Q: @ reubenTjoseph asked: I want to know what the Kraken are doing with their bar stool seats. I’m a full paying STH and can’t watch the game without fan obstruction.

A: I was just asking Kraken senior vice president Bill Chapin about this. For those unfamiliar, the Kraken sold season tickets for bar stool seats along the perimeter of the upper and lower bowls. They are essentially bar stools with a small countertop in front for the feel of sitting in a sports bar.

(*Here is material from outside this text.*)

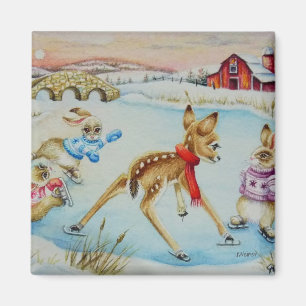 Aimant Lapin lapins et patinage sur glace Fawn Aquarelle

Problem is, the bar-stool seats weren’t positioned high enough behind regular seating sections. So heads of fans in the regular seats obstruct bar stool patrons’ view. Chapin said platforms will be installed to elevate bar stool seats slightly so fans using them can have a “significantly better line of sight” over heads of people in front. Timeline for the not-cheap fix is being finalized before ticket holders are advised.

Q: @ mrhanusa asked: What makes Ron Francis the right choice as a GM? I’m always skeptical of former players who become GMs … Is playing the sport as an athlete really an advantage as a GM? Enough of an advantage to forgo other candidates who have other strengths.

A: Kraken owner Jerry Bruckheimer likes the “gravitas” Francis brings. He’s a serious man who commands respect. Not egotistical, either, despite his Hall of Fame playing career.

Such traits can benefit a GM in that people will take his phone calls. Other GMs won’t avoid him. Agents talk to him. He doesn’t have the reputation of someone who enjoys embarrassing rivals in trades.

From a strategy perspective, Francis builds from the back out. Meaning solid goaltending, a strong defense and some centers to make it all work while filling in the wingers. He doesn’t quite have the centers, and the Kraken goaltending has let him down, but that’s how champions are made.

One critique I’ve heard of Francis, besides the ho-hum expansion draft, is he’s too patient with his process. His teams in Carolina didn’t make the playoffs until five years in, and he got fired after four. The Kraken don’t have five years; Not in this new market, at these ticket prices. So this first-year stumble needs to get turned around. Can’t have a repeat next season.